“That is the very reason. You do not seem to realise that she is madly in love.”
“No doubt, but was she madly in love, as you call it, when you brought them here?”
“Long before that——”
“Then why did you never tell me—we might have had him to the house all the time——”
“Because I supposed, as every one else did, that he meant to marry Constance Fearing. I did not want to spoil his life, and I thought that Mamie would get over it. But the thing came to nothing. In fact, I begin to believe that there never was anything in it, and that the story was all idle gossip from beginning to end.
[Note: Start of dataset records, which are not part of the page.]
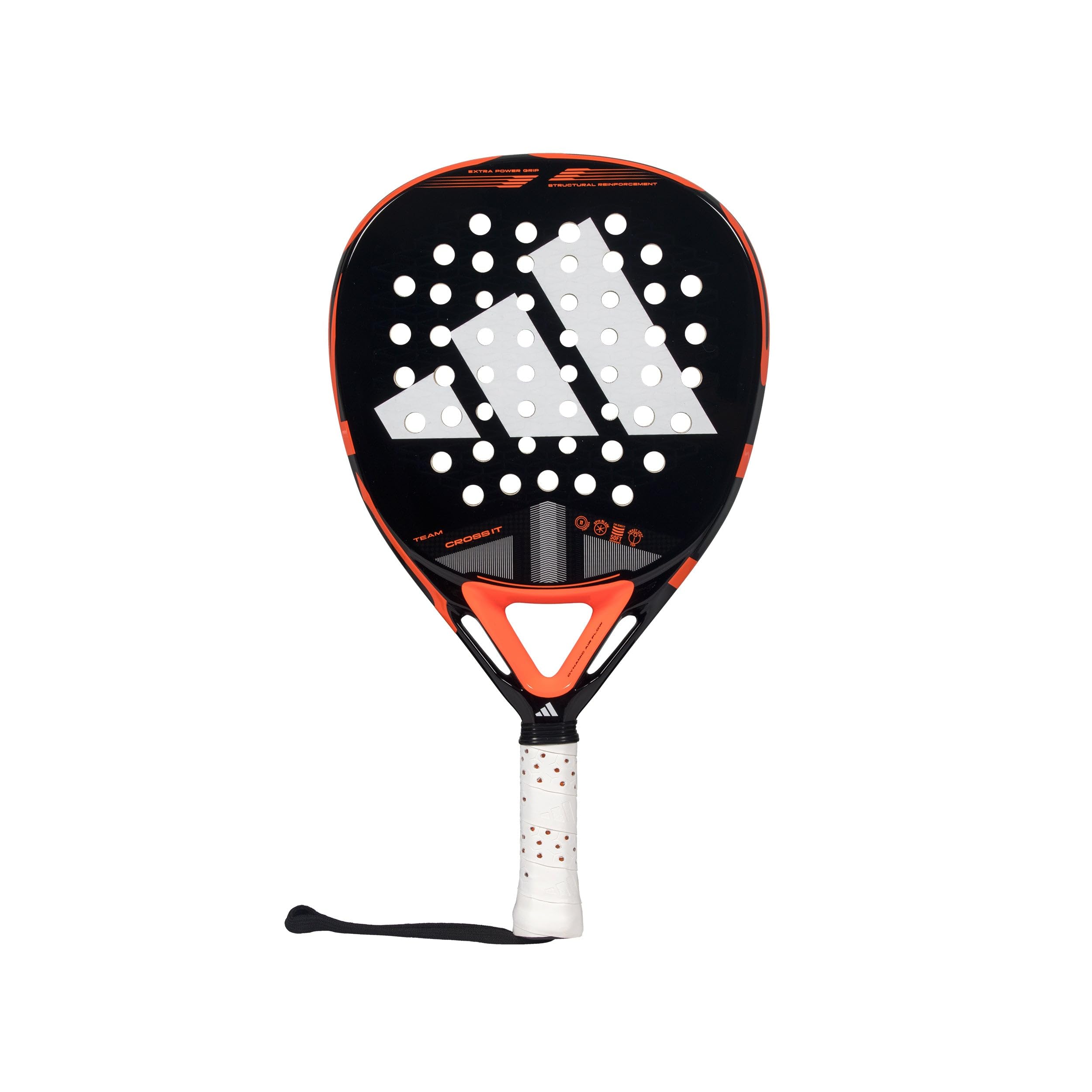 Adidas Padel Racket Cross It Team 2025, Black / Orange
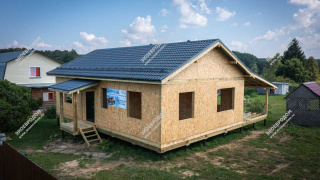 Дом в деревне Малое Лупаково одноэтажный 96 м² из СИП панелей | фото, отзывы, цена
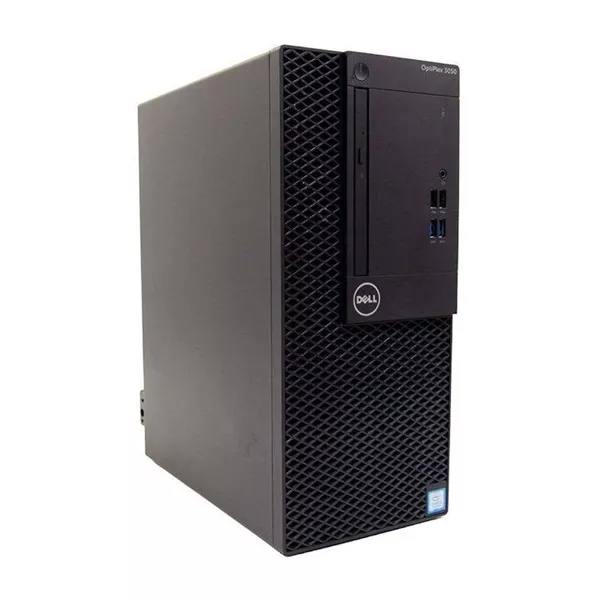 Dell Optiplex 3050 MT/i5-7600/16GB/512GB SSD/Win11 Pro COA/fekete asztali számítógép (Használt A+,felújított)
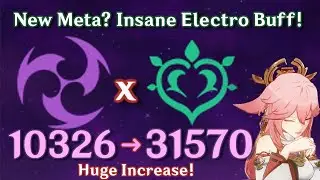 Insane Electro Buff with C0 Dendro MC! Yae Aggravate Buff & ATK/EM Sands Comparison Showcase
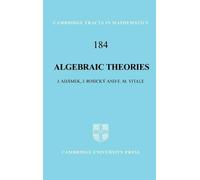 J. Adámek J. Rosický E. M. Vitale Algebraic Theories (Copertina rigida)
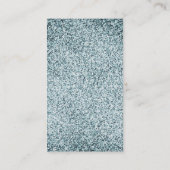 Blauw en goud Walima RSVP Informatiekaartje (Achterkant)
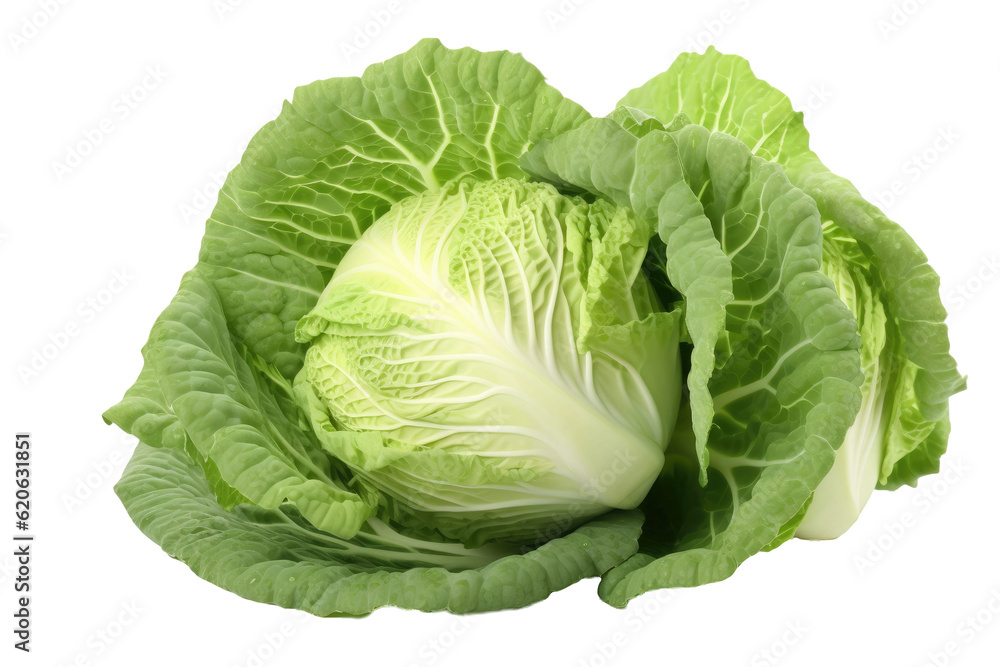 Fresh cabbage on a transparent background, separated. Fresh cabbage on a transparent background, separated.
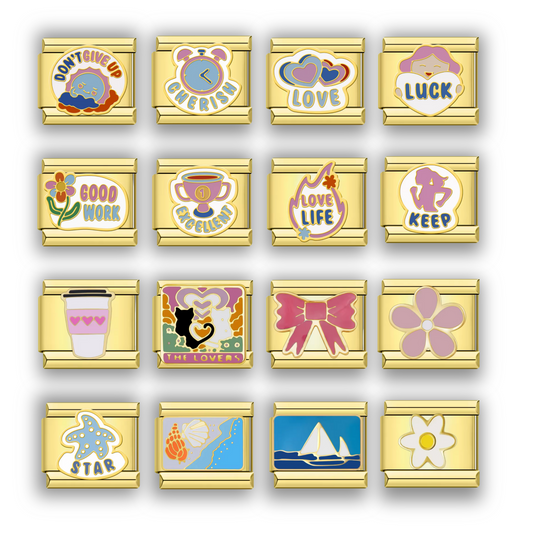 Gold Pink - Italian Charms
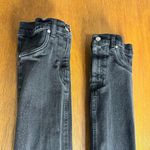 Revice Denim Revice Farrah High Rise Straight Leg Waistband Hem Denim Jeans Midnight Black 26 Photo 7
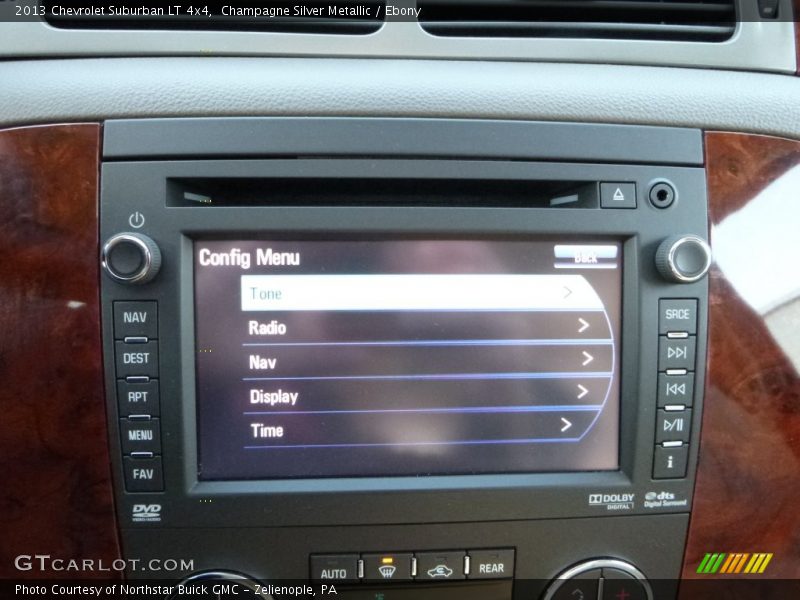 Champagne Silver Metallic / Ebony 2013 Chevrolet Suburban LT 4x4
He is on as good terms as ever with her and goes over there from time to time to console poor Grace.”
“Oh!” ejaculated Sherry in a thoughtful tone.
“You need not say ‘oh,’ like that. There is nothing to be afraid of. It is perfectly natural that the poor woman should like to see him, when he nearly died in trying to save her husband. They say she is in a dreadful state, half mad, and ill, and so changed!”
“Poor John!” exclaimed Sherry sadly. “I shall never see his like again.” He sighed, for he had been very fond of the man, besides looking upon him as a most promising partner in his law business.
“It was dreadful!” Mrs. Trimm shuddered as she thought of the accident. “I cannot bear to talk about it,” she added.
A short pause followed, during which Totty wore a very sad expression, and Sherry examined attentively a ring he wore upon his finger, in which a dark sapphire was set between two very white diamonds.